2014-01-30

The girl behind the counter just yelled energetically.  “I’ve got a yummy, yummy mango smoothie.”

A couple days ago, I read Found Poem — Tribute to Pete Seeger, composed of his songs and lyrics by Shawn Bird.  The poem was moving, and enlightening.

I was moved to leave a comment, and enlighten my ignorance.

Not sure on the exact meaning of a found poem, I looked it up.

Makes me wonder.  Is yummy, yummy mango smoothie an example of poetry found?

Perhaps when sung to the woman who paid.

2014-01-29

Lately, at home in the evenings, usually.  I think about my writing and where am I going.

Fog clouds my next couple-three steps.

In the story of me writing a book, I am just a little stuck.  I can’t decide.  Do I not understand what next I need to do?  Or am I having some trouble with the idea I am striving to communicate?

This is how it feels right now.  It’s not a loss of confidence at all.  It’s just a feeling of befuddlement.

Recently I wrote an absurd thought in my journal.

Just write.  Just get ideas down.

And yet, right now, it is so hard to do.

2014-01-27

My growth as a writer comes from realizing new things.  For instance, I notice when people write well.

Each time I encounter something new, that I like in others, I have to ask myself.  Is that something only to be envied?  Or can I be more like that?

When I notice these things, I have to try them out.  To see if they work for me.  And, then.

I have to ask myself.  Yes.  It works.  But, is this me?

It’s me, when it comes on its own.  It’s me, when it slips in, beyond the notice of my internal editor.

Still later, I’ll read it again, with my editor’s hat on my head.  That’s when I decide whether I keep it.

And, sometimes I leave that hat on for too long.  I have ruined decent pieces by dwelling to much on every last detail.  If I believe the piece originally had merit, I’ll set it aside, and work with it when I can see with new eyes.

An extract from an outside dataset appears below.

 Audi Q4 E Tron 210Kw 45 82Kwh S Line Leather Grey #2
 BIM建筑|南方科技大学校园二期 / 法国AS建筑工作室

But, maybe, sometimes.  Overworking a piece is the only way to discover it lacked something all along.  This is the point of journaling.  And it’s also why I still don’t post every day.  I’m working up to that level of consistency.

I believe some writers have gifts.  But, good writers grow.  And, it matters less where I start my journey than where it ends.  But, I can only make progress by trying new things.